-------- DATA IN THIS EXERCISE
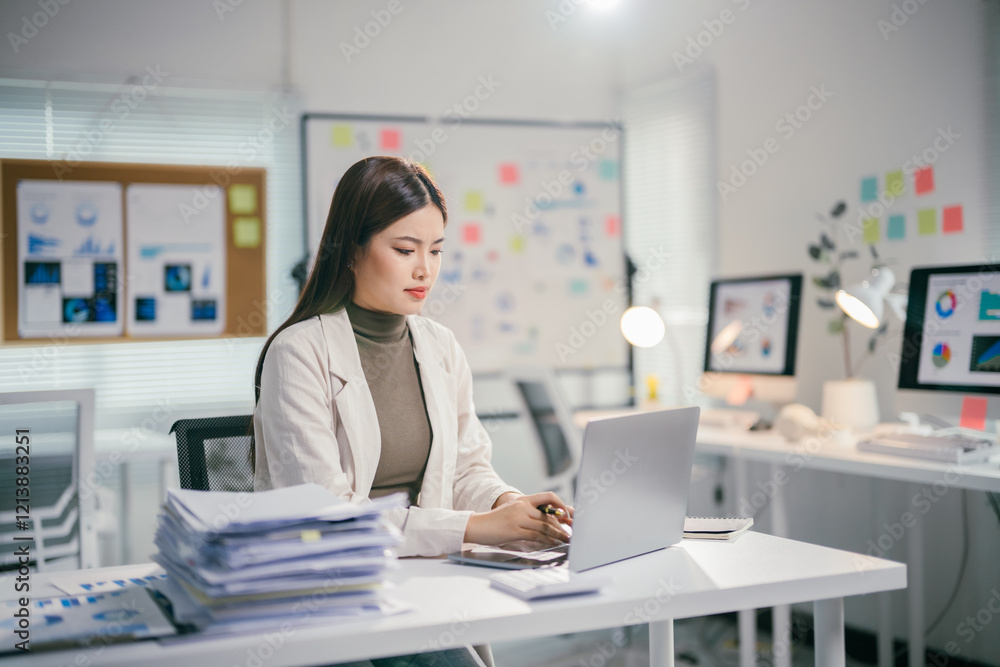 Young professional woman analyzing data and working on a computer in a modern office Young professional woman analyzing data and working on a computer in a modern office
----------------
-------- DATA IN THIS EXERCISE
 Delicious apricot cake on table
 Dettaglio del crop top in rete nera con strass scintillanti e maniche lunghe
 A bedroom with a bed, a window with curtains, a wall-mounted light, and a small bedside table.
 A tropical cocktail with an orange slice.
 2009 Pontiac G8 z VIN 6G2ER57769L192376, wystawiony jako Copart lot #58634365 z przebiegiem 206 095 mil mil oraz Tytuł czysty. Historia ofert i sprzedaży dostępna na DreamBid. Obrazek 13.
----------------
■ PROBLEM TO SOLVE ■
If a line in the records contains the word "with", copy it out.

■ RESULT OF THE EXERCISE ■
 A bedroom with a bed, a window with curtains, a wall-mounted light, and a small bedside table.
 A tropical cocktail with an orange slice.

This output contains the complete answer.